One poll showed that Ukrainians positively favored their daughters marrying Jewish men — and while that may seem like the punch line to a bad joke, it would have astounded my grandparents.
Russia, likely seizing on the fact that Jews are viewed favorably in Ukraine, has made antisemitic disinformation a key component in its accompanying online proxy war against Ukraine and its efforts to galvanize support for the war among citizens at home. A reminder that in these troubling times of the early 21st century, it often feels that swaths of the population in many parts of the world are returning to the extreme nationalism of a century ago. We seem to be revisiting that world of religious extremism, with murderous attacks on immigrant communities.

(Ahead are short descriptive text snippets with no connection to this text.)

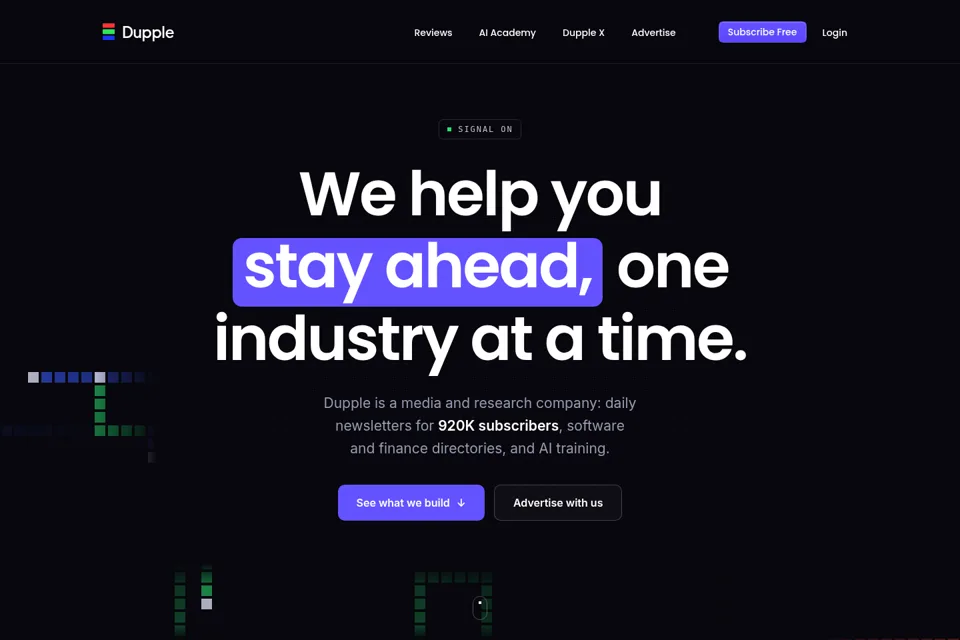 Aperçu de la landing page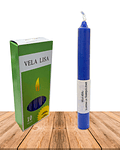 Vela Lisa Esotérica Color Azul Larga Duración.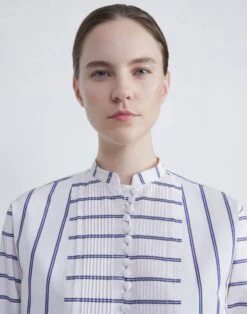 Double Stripe Cotton Poplin Popover Blouse -Chic Daily Fashion mbee2r 1x55 buff multi detail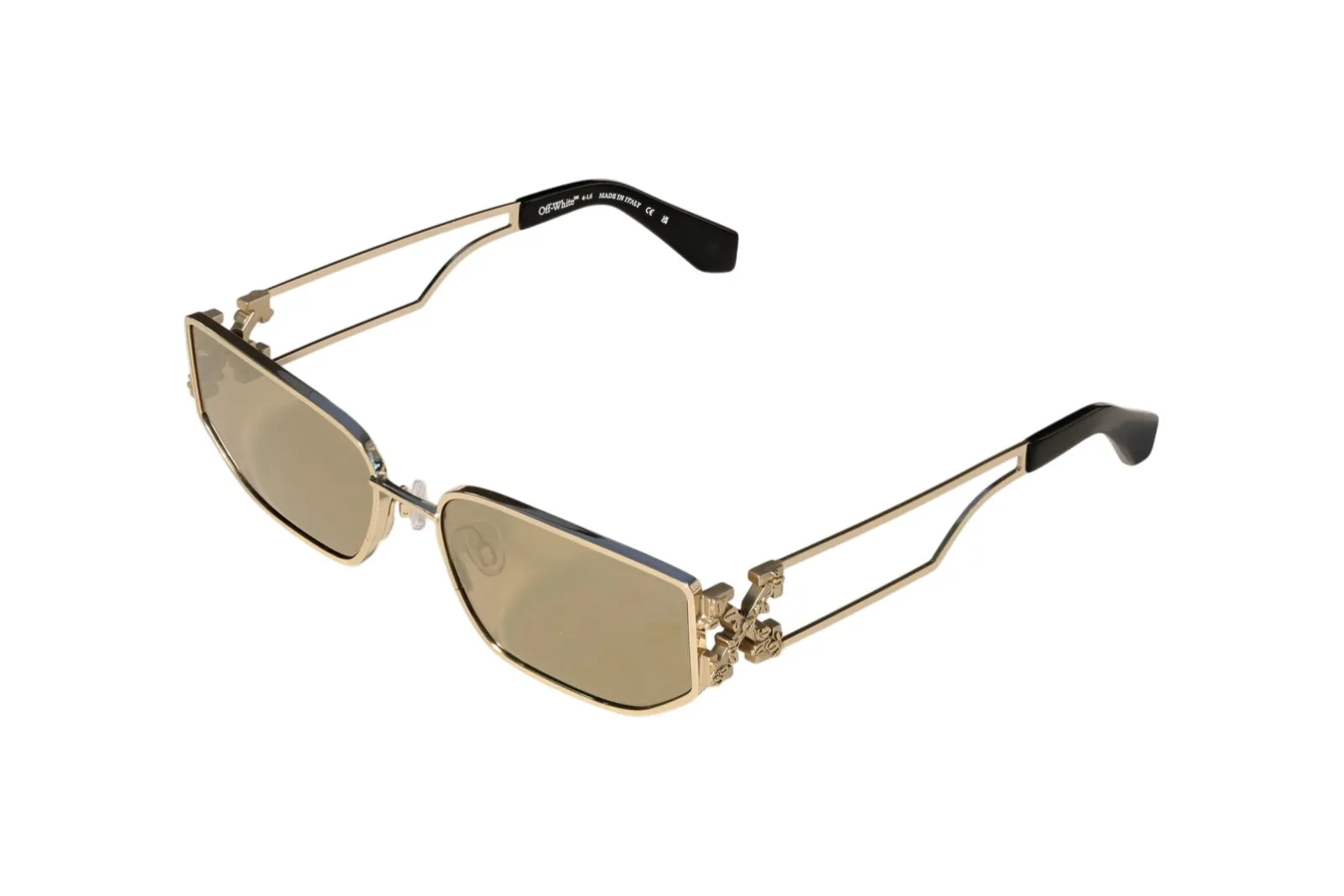 Off-White OW1027 ALLEN 7674 Occhiali da sole Metallo Oro Marrone Squadrata Specchiate - immagine 1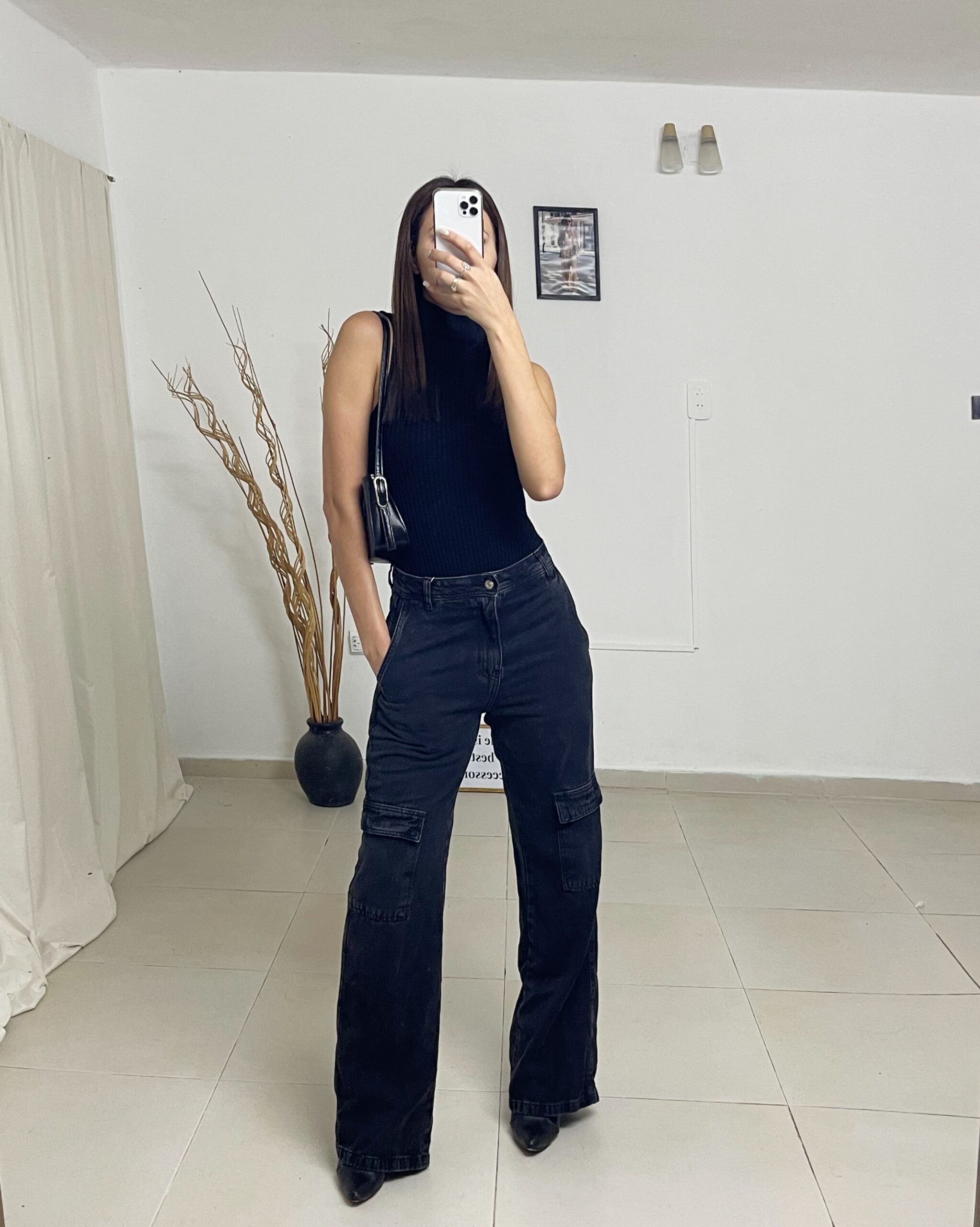 jean cargo black. importado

Pondering on the invasion of Ukraine, renowned historian Yuval Noah Harari pontificates that at the center of the Ukraine crisis lies a fundamental question about the nature of history and humanity. Harari asks if change is even possible. Can humans transform the way they act, or does history repeat itself eternally, forever destined to re-enact past tragedies without changing anything? Those who deny the possibility of change argue that the world is a jungle, that the strong target the weak, and that the only thing preventing one country from wolfing down another is military force.
We must learn lessons from the past and prevent the current polarization of society from leading once again to the kind of mass violence that tore Ukraine apart a hundred years ago.
Thank you for reading and sticking with me to the end.